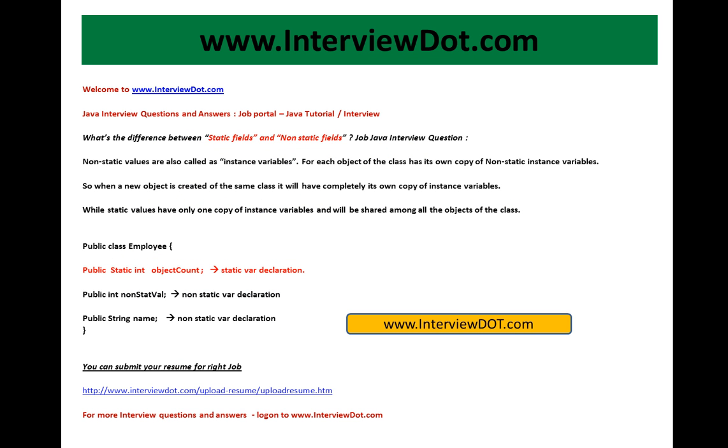Hi, welcome to interview.com. I'm going to explain one of the important Java interview questions: what's the difference between static fields and non-static fields? Non-static values are also called instance variables. For each object of the class has its own copy of non-static instance variables.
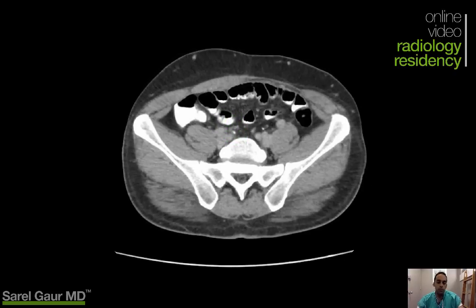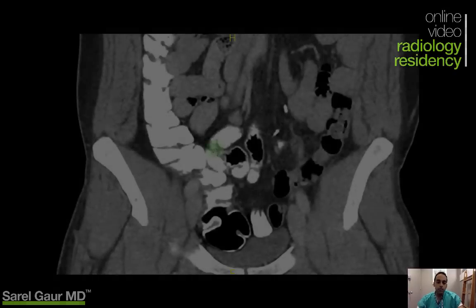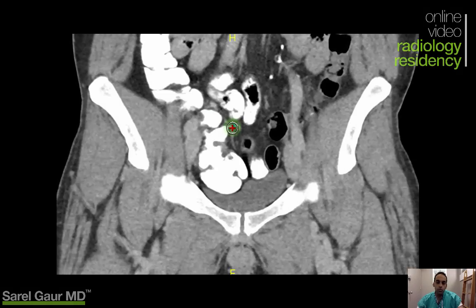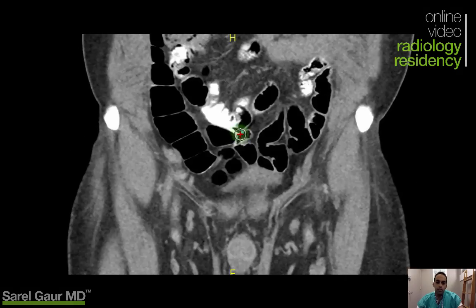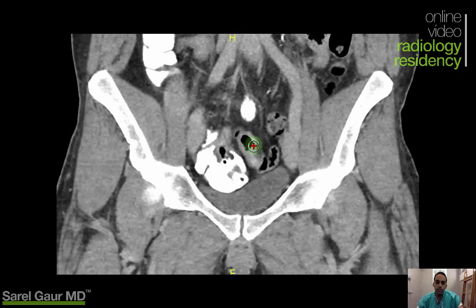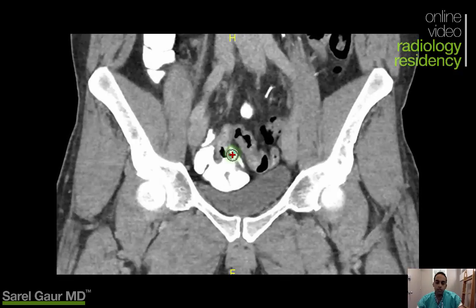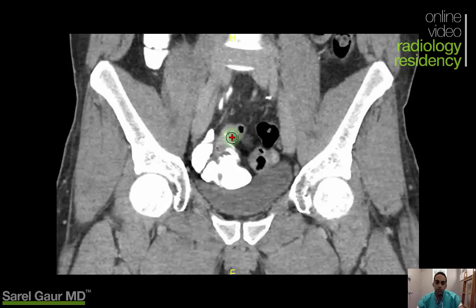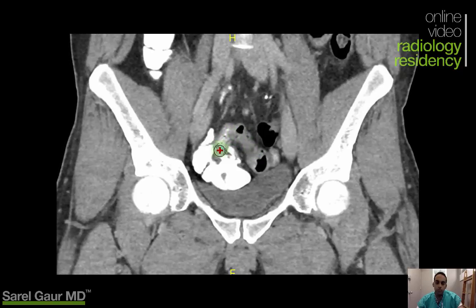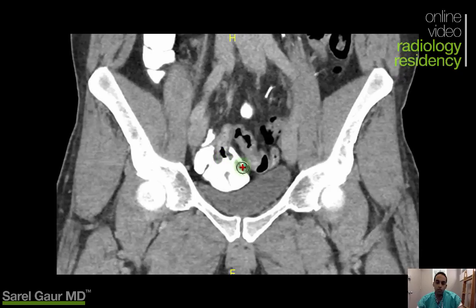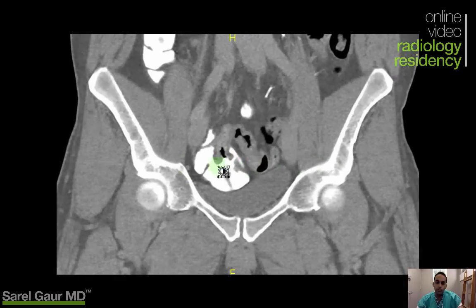I'm going to look at the coronal view to see it better. Zoomed in on the pelvis in the coronal plane, I'm going to identify the terminal ileum as the structure invaginating into the cecum. I can see the cecum, and this other caliber structure coming into it and invaginating — that's the terminal ileum. So I'm going to look just inferior to that to find the appendix.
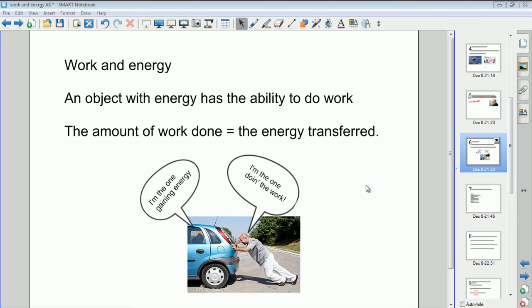In the last video we looked at the basic concept of work and finished with its relationship to energy. That's where we're going to start this video — we'll do a quick recap of the different types of energy, then move on to two specific types: gravitational potential energy and kinetic energy, and how energy is conserved within a gravitational system.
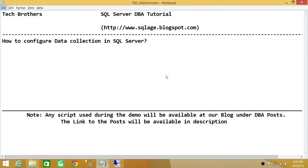Welcome to Tech Brothers. In this video, we're going to learn how to configure data collection in SQL Server. Data collection is part of management data warehouse in SQL Server. If you want to collect data related to a SQL Server instance, such as performance data, disk IO, memory usage, CPU usage, or transactions per second, you can use data collection in SQL Server and take advantage of this feature.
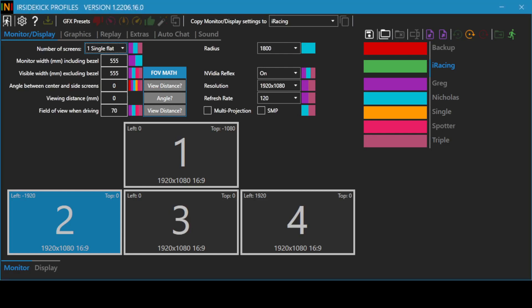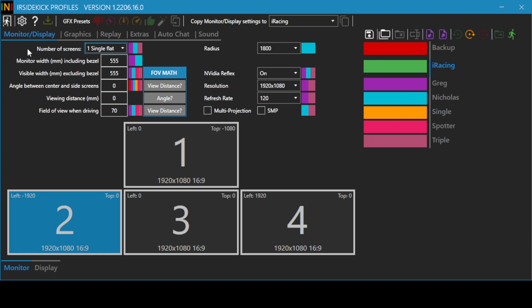This video demonstrates how easy it is to configure triple screens using IR Sidekick Profiles. When launching IR Sidekick Profiles, we are presented with the Monitor and Display tab, which is highlighted in blue.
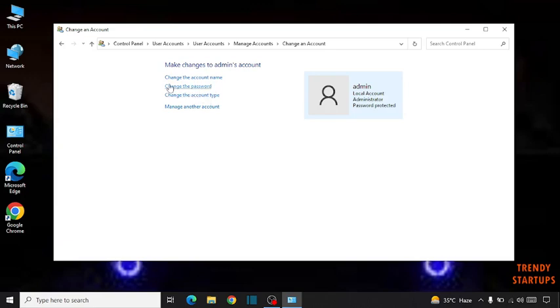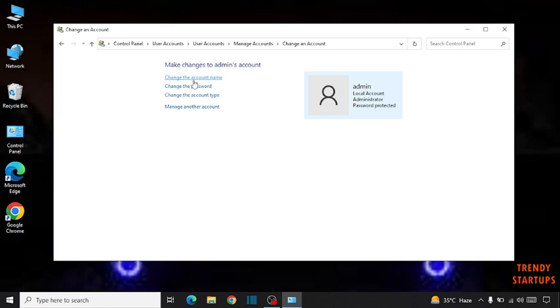Now here are many options: change the account name, change the password, change the account type, manage other account. So simply click on change the account name.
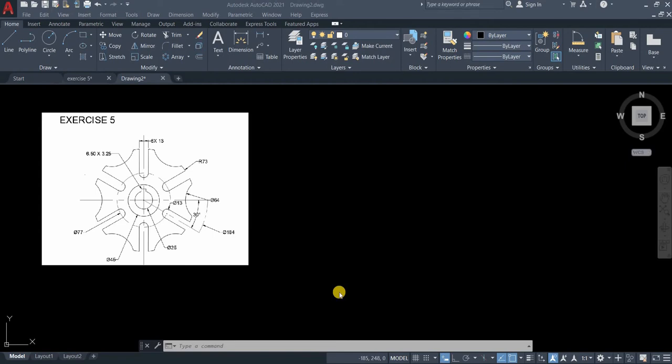Welcome to Cat Tech, your AutoCAD tutorial made simple. For today's tutorial, we will learn about Polar Array command.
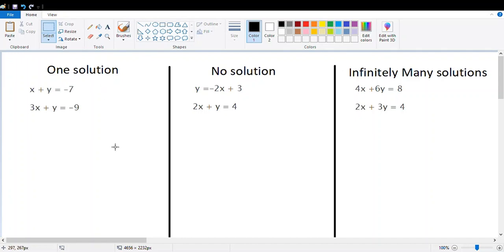Hi guys, today we are going to continue solving systems of linear equations. I'm going to show you how we can know if our system has one solution, no solution, or infinitely many solutions. For that, I provide three different systems of linear equations. Let's start with the first one: one solution.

-=-=-

Transcribe the records verbatim, excluding pictures.

> [RESULT OF THIS TASK]:
Hi, welcome to interview.com. I'm going to explain one of the important Java interview questions: what's the difference between static fields and non-static fields? Non-static values are also called instance variables. For each object of the class has its own copy of non-static instance variables.
I'm going to look at the coronal view to see it better. Zoomed in on the pelvis in the coronal plane, I'm going to identify the terminal ileum as the structure invaginating into the cecum. I can see the cecum, and this other caliber structure coming into it and invaginating — that's the terminal ileum. So I'm going to look just inferior to that to find the appendix.
In the last video we looked at the basic concept of work and finished with its relationship to energy. That's where we're going to start this video — we'll do a quick recap of the different types of energy, then move on to two specific types: gravitational potential energy and kinetic energy, and how energy is conserved within a gravitational system.
Welcome to Tech Brothers. In this video, we're going to learn how to configure data collection in SQL Server. Data collection is part of management data warehouse in SQL Server. If you want to collect data related to a SQL Server instance, such as performance data, disk IO, memory usage, CPU usage, or transactions per second, you can use data collection in SQL Server and take advantage of this feature.
This video demonstrates how easy it is to configure triple screens using IR Sidekick Profiles. When launching IR Sidekick Profiles, we are presented with the Monitor and Display tab, which is highlighted in blue.
Now here are many options: change the account name, change the password, change the account type, manage other account. So simply click on change the account name.
Welcome to Cat Tech, your AutoCAD tutorial made simple. For today's tutorial, we will learn about Polar Array command.
Hi guys, today we are going to continue solving systems of linear equations. I'm going to show you how we can know if our system has one solution, no solution, or infinitely many solutions. For that, I provide three different systems of linear equations. Let's start with the first one: one solution.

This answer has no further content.